■ DATASET EXTRACT ■
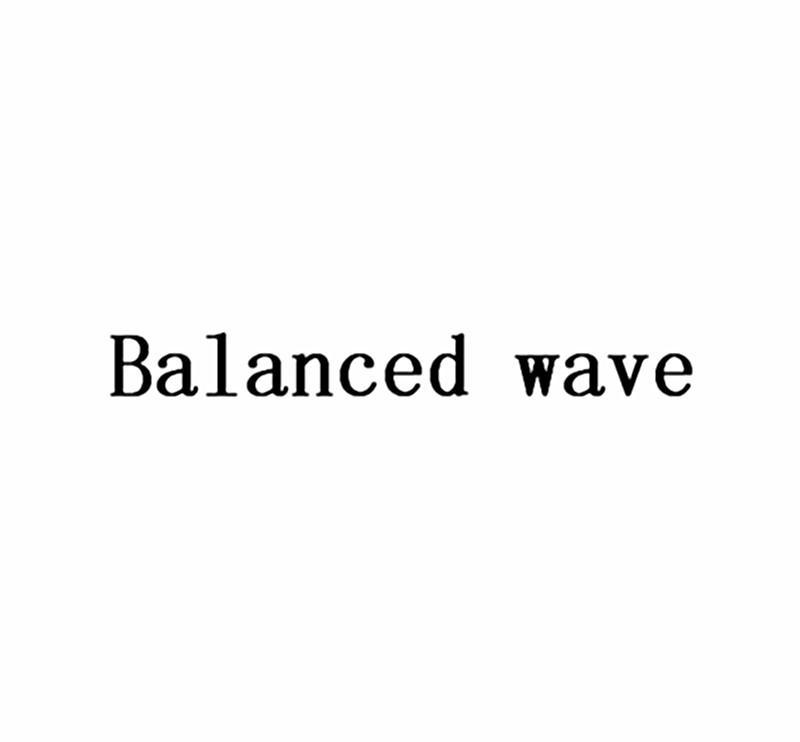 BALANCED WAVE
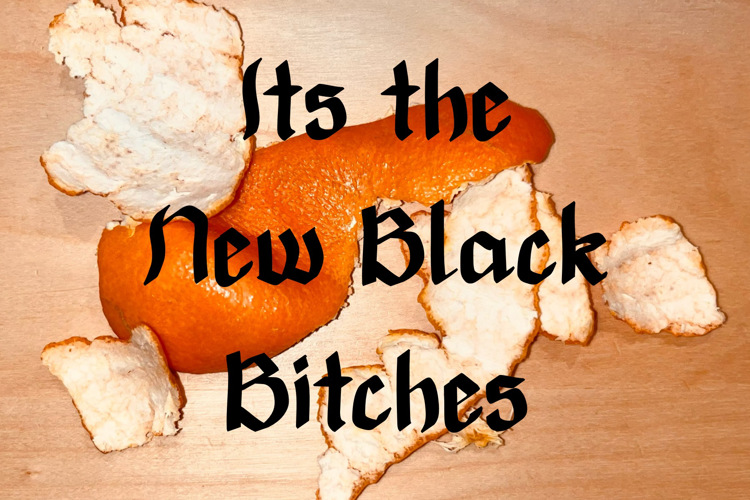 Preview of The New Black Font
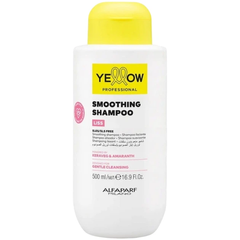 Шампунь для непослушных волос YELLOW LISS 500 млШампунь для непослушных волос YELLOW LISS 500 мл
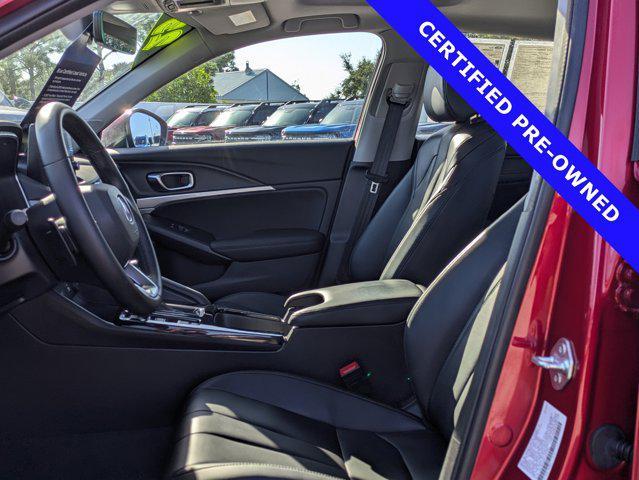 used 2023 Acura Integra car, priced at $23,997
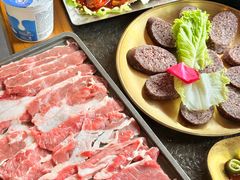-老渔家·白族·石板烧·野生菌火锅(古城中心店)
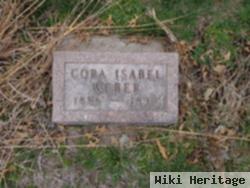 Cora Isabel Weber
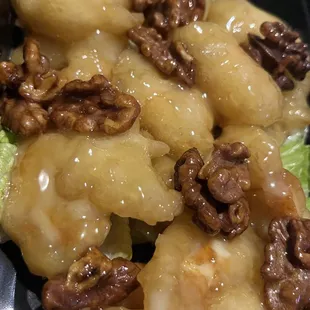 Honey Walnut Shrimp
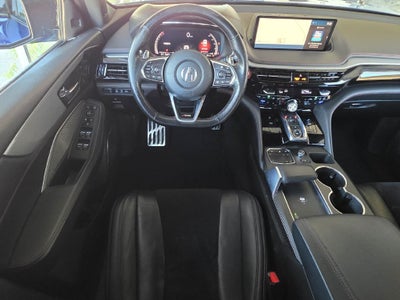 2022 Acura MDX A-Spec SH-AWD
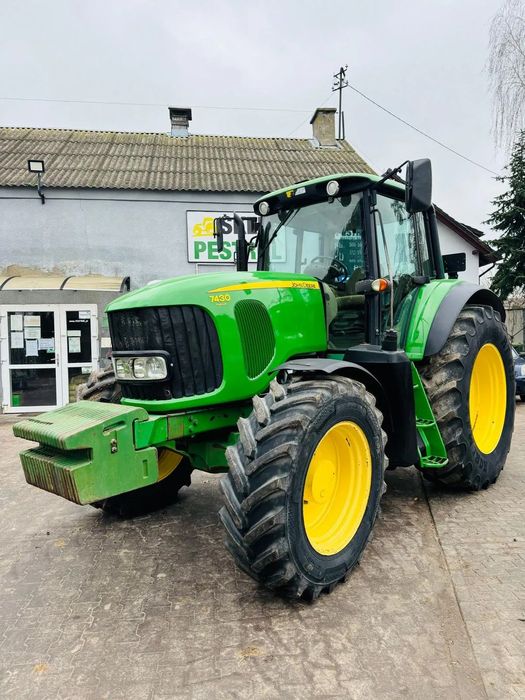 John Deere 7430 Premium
--
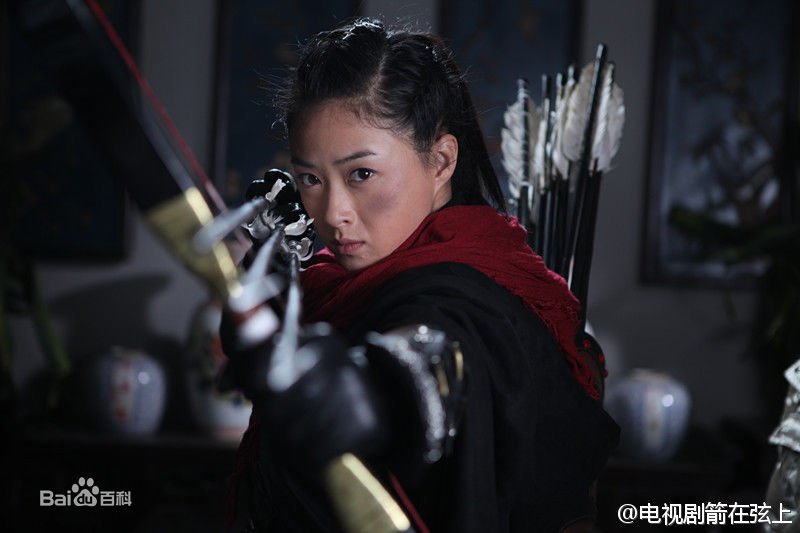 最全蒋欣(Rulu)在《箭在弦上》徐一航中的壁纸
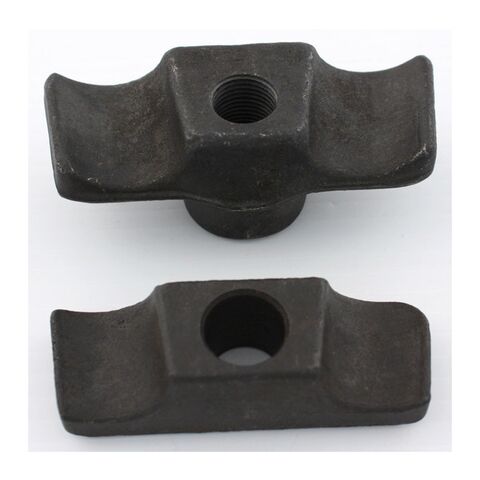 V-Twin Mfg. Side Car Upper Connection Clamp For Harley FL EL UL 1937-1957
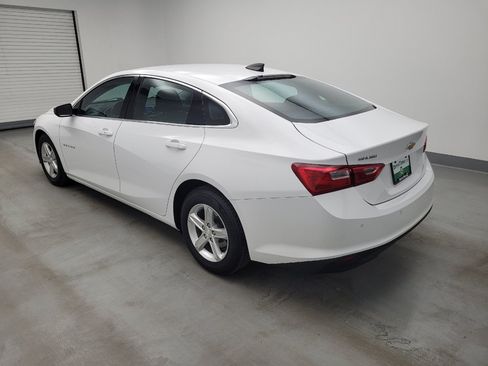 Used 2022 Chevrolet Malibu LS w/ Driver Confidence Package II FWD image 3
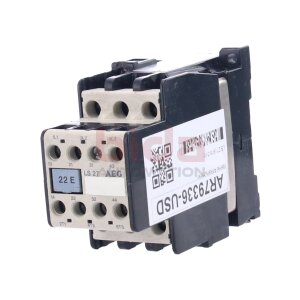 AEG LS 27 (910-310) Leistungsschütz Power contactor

■ EXERCISE DESCRIPTION ■
Output exactly those lines of the data above that run from the line with "BALANCED WAVE" up to and including the line with "John Deere 7430 Premium". No pictures go in.

■ EXERCISE RESULT ■
 BALANCED WAVE
 Preview of The New Black Font
 Шампунь для непослушных волос YELLOW LISS 500 млШампунь для непослушных волос YELLOW LISS 500 мл
 used 2023 Acura Integra car, priced at $23,997
-老渔家·白族·石板烧·野生菌火锅(古城中心店)
 Cora Isabel Weber
 Honey Walnut Shrimp
 2022 Acura MDX A-Spec SH-AWD
 John Deere 7430 Premium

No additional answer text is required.